Using the resulting Aeolus cloud mask and wind data at 3-km resolution, the authors analyze the relationship between cloud cover, wind speed, and vertical wind shear within the troposphere during boreal summer 2020, at various spatial scales and across different global regions. Among other findings, they show that wind shear under cloudy-sky conditions is significantly smaller than in the surrounding clear sky. Moreover, the wind speed difference between cloudy and clear-sky conditions increases with the clear-sky wind shear, particularly in regions dominated by cumulus and stratocumulus clouds.
General comment:
This study is of significant interest to researchers in atmospheric physics, especially those studying global circulation and its interaction with cloud formation and development. The manuscript is well-structured, and the figures effectively support the analysis.
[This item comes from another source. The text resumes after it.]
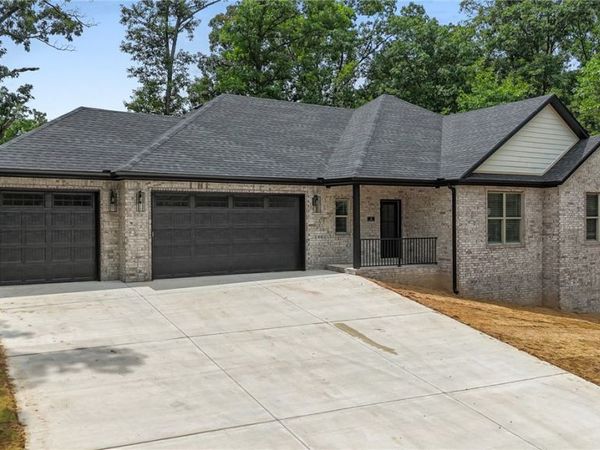 3 March Lane, Bella Vista, AR 72714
The approach, starting from the Aeolus L1A product to derive a cloud mask at full 3-km resolution, is particularly innovative and promising.
However, the methodology outlined in Section 2.1 raises several questions and appears prone to potential systematic errors (see specific comments below). Similarly, the subsequent resampling of the Aeolus L2B wind data using the derived cloud mask needs further clarification to prevent misunderstandings about the approach.
While the use of airborne wind measurements and model simulations lends some confidence to the method, it is based on a few examples from a restricted geographical area. This raises the question of how representative these examples are for the much larger dataset analyzed later in the manuscript.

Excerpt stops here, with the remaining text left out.